= Rock the Coast =

Rock the Coast is a concert put on by Muskegon, Michigan-based Alive on the Lakeshore. The event was presented for several years at the amusement park Michigan's Adventure. As of 2017, Rock the Coast took place at Ottawa County Fairgrounds in Holland, Michigan. It features Christian artists, including Crowder, Hillsong Young & Free, Plumb, Josh Wilson, Audio Adrenaline, Roper, and Toby Mac. Rock the Coast is typically held in May. In the past, the concert has featured several acts, among those Kutless, Family Force Five, BarlowGirl, Hawk Nelson, Everlife, Fireflight, John Reuben, and Superchick.

The festival is a member of the Christian Festival Association.
==Background==
The Rock the Coast festival is an annual event held in Michigan. Its roots go back to the original Summer Festival in Muskegon Unity. The festival is aimed at the youth and Christian rock bands are the medium.

The festival began in May 2004 at Michigan's Adventure amusement park, north of Muskegon. In addition to the music, patrons who numbered 2000 to 4000 took part in other attractions which included park rides. In 2012 there was no event but the following year, it returned with a bigger variety. However, it stopped again. The organizers were hopeful for a return, and after a downtime of three years, it returned it 2017. It had also shifted its location from Muskegon to Holland at the Ottawa County Fairgrounds. The festival director at the time was Kevin Newton.

==History==
The 2008 event was on Saturday 17 May with the gates opening at 11:00 am. The concert was set to commence at mid-day. The Christian rock bands booked to appear were, Secondhand, Good Luck Varsity, Pete Cornelius Band and The Advent. The concert stage was also reserved for worship at 11:00 am on Sunday.

Now in its sixth year in 2009, the main drawcard was the band Sanctus Real. The group which topped the Christian music charts had a way of delivering the message via its music, melody and lyrics to get the Christ message across.
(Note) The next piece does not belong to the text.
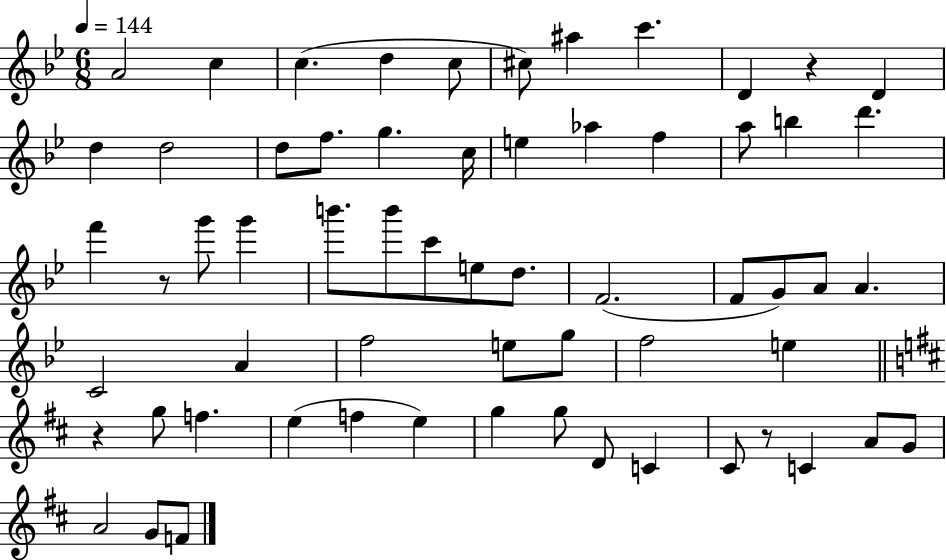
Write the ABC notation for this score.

Also booked to appear on the main stage were The Afters, Fireflight, Everlife, and The Fabulous.

The headline act for 2010 was Hawk Nelson who performed previously in 2008. Other acts booked to appear were Superchick, John Reuben and Bread of Stone.

2017 saw the festival back in operation after a three-year break. One of the acts booked was Plumb aka Tiffany Arbuckle Lee. The other acts to appear were, David Crowder, and Josh Wilson. The emcee was George Moss.

The 2022 festival was to support children and their families affected by cancer.